§ Listed entries
BEGIN
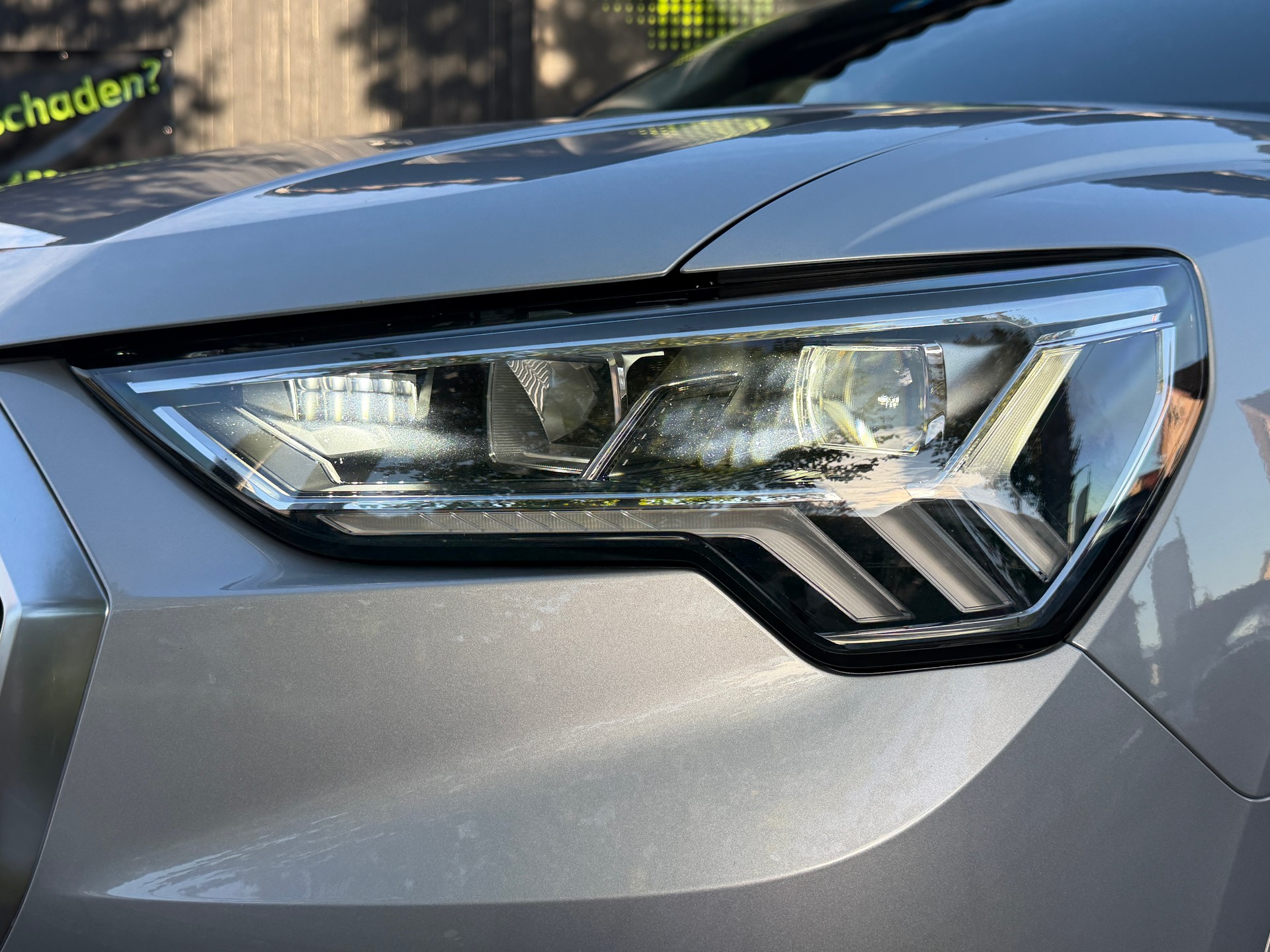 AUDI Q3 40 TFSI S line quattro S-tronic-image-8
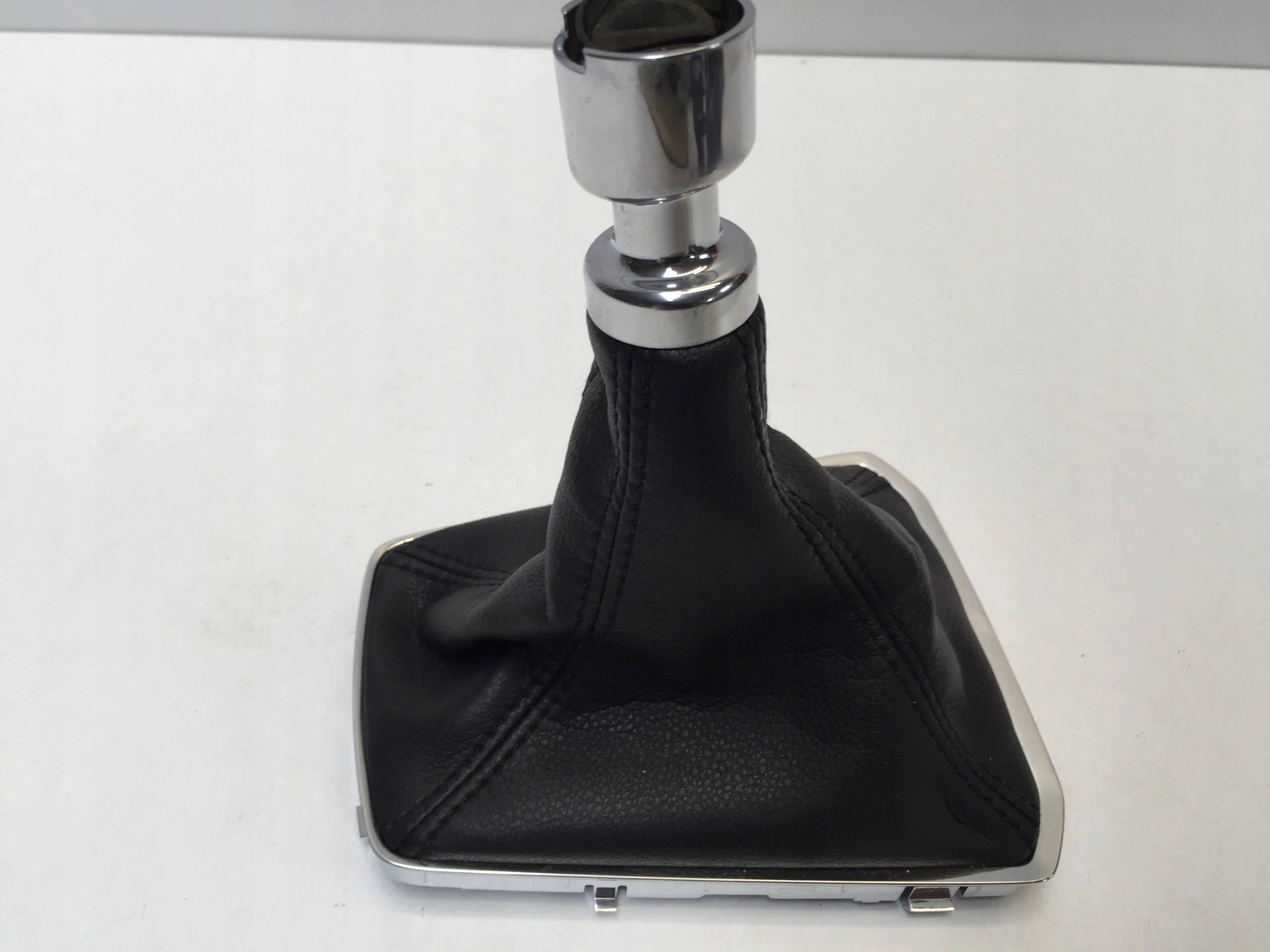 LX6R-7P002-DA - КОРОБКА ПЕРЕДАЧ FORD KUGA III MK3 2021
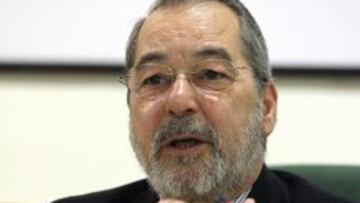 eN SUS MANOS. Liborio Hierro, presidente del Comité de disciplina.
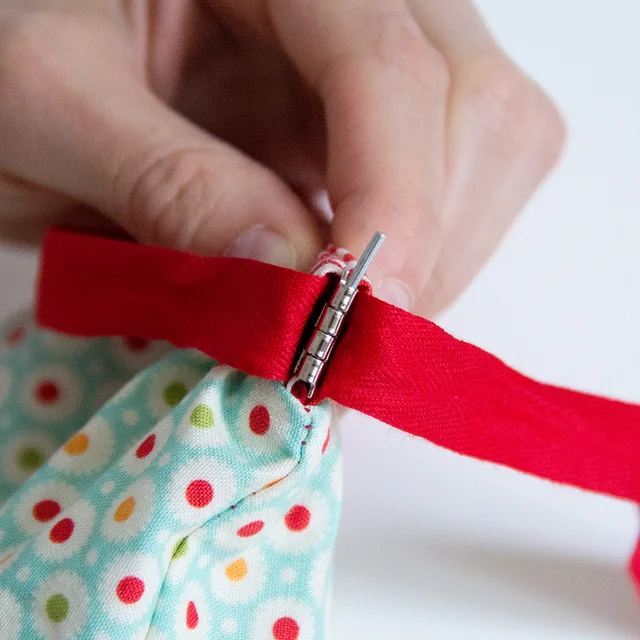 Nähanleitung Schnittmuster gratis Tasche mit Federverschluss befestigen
END
BEGIN
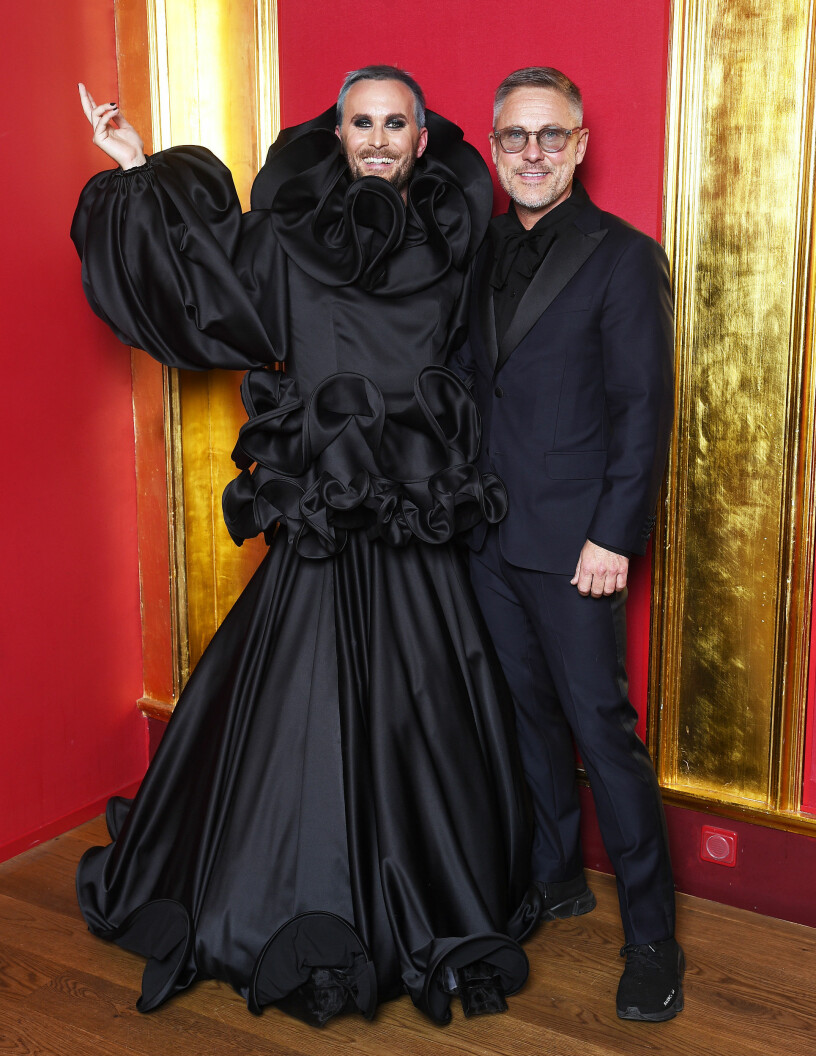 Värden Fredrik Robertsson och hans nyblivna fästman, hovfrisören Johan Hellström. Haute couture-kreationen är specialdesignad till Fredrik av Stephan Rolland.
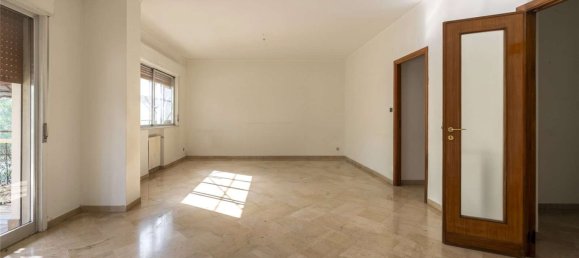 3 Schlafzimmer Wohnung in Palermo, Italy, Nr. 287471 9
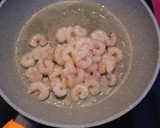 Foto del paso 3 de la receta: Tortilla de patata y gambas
END
§ Requirement
Of the lines above, quote exactly those from the one with "LX6R-7P002-DA - КОРОБКА" through the one with "Nähanleitung Schnittmuster gratis", ends included; pictures stay out.

§ Written response
 LX6R-7P002-DA - КОРОБКА ПЕРЕДАЧ FORD KUGA III MK3 2021
 eN SUS MANOS. Liborio Hierro, presidente del Comité de disciplina.
 Nähanleitung Schnittmuster gratis Tasche mit Federverschluss befestigen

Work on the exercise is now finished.